Le but de l’association : doubler le nombre de femmes et personnes non-binaires dans l’industrie en dix ans. «Pour arriver à ce résultat, nous mettons en place des actions riches et variées, comme rendre plus visible les rôles modèles inspirants de personnes de genre marginalisé par exemple, décrit la secrétaire de l’association. Nous intervenons aussi dans les écoles et les studios de développement pour former les acteur·rices du secteur à l’inclusion et à l’égalité. Et surtout, nous facilitons le développement professionnel grâce à des formations et au réseautage disponible via notre site. Tout ça gratuitement».

Marc Lacombe, dit Marcus, spécialiste des jeux vidéo rétro, joue sur la scène de la chaîne de télévision GameOne devant le public très masculin de la PGW. © Alexandre Carré / Vert

Gros point noir dans le milieu : le nombre de joueuses intéressées par l’esport (pour sport électronique) descend à 30%, celui de pratiquantes, à 3%. Pour l’association, cela s’explique par «la toxicité de la compétition envers les femmes et les réseaux sociaux qui ne font pas de cadeaux.»

Les ligues féminines se développent malgré tout, notamment avec la «Coupe des Étoiles». Un tournoi exclusivement féminin sur le jeu League of Legends, avec des équipes de grandes structures de jeux vidéo françaises, comme la Team GO Aurora qui a remporté le titre cette année. Mais dans un loisir où les barrières de genre sont censées être abolies, l’idéal des équipes mixtes semble encore lointain : «C’est en cours de route, espère Anna Bressan.

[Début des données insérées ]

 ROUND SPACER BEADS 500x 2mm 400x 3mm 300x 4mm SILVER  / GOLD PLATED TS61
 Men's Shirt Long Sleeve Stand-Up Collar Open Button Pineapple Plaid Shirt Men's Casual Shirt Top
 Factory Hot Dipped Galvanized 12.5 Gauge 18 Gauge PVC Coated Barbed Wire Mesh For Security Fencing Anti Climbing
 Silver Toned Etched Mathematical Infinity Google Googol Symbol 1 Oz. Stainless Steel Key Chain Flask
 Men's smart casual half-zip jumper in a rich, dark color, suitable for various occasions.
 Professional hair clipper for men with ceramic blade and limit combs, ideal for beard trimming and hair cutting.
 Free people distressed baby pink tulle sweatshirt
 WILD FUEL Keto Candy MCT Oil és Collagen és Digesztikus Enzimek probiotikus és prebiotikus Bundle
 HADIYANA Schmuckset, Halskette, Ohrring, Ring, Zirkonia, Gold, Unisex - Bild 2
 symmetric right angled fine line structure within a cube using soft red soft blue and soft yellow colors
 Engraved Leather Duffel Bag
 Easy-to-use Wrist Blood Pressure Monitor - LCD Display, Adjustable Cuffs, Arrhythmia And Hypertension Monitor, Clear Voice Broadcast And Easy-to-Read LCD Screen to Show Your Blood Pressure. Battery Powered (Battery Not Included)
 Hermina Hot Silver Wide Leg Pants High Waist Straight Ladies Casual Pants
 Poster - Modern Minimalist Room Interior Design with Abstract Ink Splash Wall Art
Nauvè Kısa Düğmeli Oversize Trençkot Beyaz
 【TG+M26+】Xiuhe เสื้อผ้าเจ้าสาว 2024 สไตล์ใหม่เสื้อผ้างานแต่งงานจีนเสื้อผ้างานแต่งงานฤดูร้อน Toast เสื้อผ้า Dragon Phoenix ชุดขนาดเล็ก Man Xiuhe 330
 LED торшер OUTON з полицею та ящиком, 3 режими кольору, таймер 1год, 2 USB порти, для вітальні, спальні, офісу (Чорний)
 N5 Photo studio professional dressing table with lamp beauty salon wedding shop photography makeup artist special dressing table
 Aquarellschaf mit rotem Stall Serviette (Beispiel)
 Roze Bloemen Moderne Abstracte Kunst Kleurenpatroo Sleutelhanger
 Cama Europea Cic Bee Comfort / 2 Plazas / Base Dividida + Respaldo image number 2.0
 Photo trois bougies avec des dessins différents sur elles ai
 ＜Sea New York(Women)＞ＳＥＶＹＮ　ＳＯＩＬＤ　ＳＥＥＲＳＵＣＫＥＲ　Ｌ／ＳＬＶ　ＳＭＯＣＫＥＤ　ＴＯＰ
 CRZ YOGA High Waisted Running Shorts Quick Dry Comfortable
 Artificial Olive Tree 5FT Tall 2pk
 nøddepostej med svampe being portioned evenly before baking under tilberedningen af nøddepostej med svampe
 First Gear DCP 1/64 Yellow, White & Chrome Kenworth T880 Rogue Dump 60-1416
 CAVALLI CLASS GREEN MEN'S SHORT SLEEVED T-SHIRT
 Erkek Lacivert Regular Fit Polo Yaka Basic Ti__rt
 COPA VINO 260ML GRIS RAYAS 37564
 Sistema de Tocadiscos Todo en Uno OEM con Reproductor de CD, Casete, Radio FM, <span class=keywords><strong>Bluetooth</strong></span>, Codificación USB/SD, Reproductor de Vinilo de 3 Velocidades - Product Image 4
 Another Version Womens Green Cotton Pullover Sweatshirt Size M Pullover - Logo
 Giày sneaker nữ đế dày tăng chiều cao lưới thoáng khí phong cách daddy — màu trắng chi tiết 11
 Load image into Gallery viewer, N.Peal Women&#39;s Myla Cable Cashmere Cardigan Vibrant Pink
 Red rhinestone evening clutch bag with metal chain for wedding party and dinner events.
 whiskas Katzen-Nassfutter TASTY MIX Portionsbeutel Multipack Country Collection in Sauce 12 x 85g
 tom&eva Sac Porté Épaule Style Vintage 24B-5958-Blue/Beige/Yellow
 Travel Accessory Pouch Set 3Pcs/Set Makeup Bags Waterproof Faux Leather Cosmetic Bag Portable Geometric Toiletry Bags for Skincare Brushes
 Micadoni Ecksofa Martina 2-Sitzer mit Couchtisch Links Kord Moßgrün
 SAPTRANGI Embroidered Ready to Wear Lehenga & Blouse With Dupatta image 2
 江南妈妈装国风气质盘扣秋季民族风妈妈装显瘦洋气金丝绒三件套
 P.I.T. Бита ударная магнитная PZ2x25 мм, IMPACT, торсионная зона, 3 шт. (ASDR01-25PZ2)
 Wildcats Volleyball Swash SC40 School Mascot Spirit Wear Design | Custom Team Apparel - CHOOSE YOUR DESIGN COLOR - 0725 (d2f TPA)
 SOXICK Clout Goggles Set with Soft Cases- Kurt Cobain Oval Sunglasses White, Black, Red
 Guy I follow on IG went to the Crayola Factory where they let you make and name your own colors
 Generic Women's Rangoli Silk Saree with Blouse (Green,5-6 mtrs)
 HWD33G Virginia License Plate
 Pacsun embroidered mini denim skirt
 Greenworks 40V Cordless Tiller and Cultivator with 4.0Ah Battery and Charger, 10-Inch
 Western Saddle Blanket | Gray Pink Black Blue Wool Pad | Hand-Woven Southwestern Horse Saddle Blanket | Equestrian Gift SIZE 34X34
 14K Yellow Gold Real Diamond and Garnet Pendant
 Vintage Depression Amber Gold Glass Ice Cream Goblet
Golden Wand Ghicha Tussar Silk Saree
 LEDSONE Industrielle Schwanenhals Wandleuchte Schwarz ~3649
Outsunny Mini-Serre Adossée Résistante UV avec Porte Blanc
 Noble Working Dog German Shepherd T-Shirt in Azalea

Il y a encore très peu de joueuses, mais elles existent. Cela demande juste un peu plus d’effort aux organisateurs et nous sommes là pour faciliter ce travail.»

Inclure les gamers en situation de handicap

Dans le second pavillon du salon, au milieu des amateur·rices de déguisements (cosplayers) ou de vieux jeux vidéo (rétrogamers), un stand se démarque par ses manettes un peu particulières. Estampillé «Jouez comme vous êtes», il rassemble une dizaine d’associations et de studios qui facilitent l’accessibilité et l’inclusion des personnes en situations de handicap. Nous sommes invités à tester des jeux traditionnels de foot et de course avec le menton ou les coudes pour comprendre la différence, et parfois la difficulté, que représente le fait de jouer avec un handicap.

À la PGW on pouvait tester des manettes spécialisées aux handicaps, comme ici avec un joystick et des boutons adaptés. © Alexandre Carré / Vert

L’association CapGames travaille depuis dix ans sur l’accessibilité du jeu vidéo. Responsable du testing dans l’association, Stéphane Laurent explique que leurs missions s’axent sur deux points : la veille technologique et l’identification des jeux les plus accessibles. «Sur le premier point, nous travaillons avec des ergothérapeutes et des studios pour les former pour proposer et éclairer les solutions aux joueurs qui n’étaient pas au courant de leurs existences, renseigne le bénévole. Sur le second point, nous avons fait le constat que les éditeurs et les vendeurs de jeux ne fournissaient aucune information sur la compatibilité des jeux avec le handicap. Nous avons donc mis en place une grille de notation des jeux pour leur délivrer une note objective sur leur accessibilité aux différents handicaps.»

Depuis quelques années, les marchands de consoles se mettent à la page et proposent des manettes adaptées à des prix raisonnables (environ 90€). Le dernier axe de travail de l’association vise à développer la scène esportive. En attendant de pouvoir intégrer les circuits valides, les personnes en situation de handicap peuvent déjà s’affronter sur des tournois adaptés comme ceux créés par l’association dont les finales se joueront samedi sur la scène de leur stand.

Si le salon fait des efforts notables en faveur d’une plus grande parité et inclusion, l’écologie est encore un non-sujet.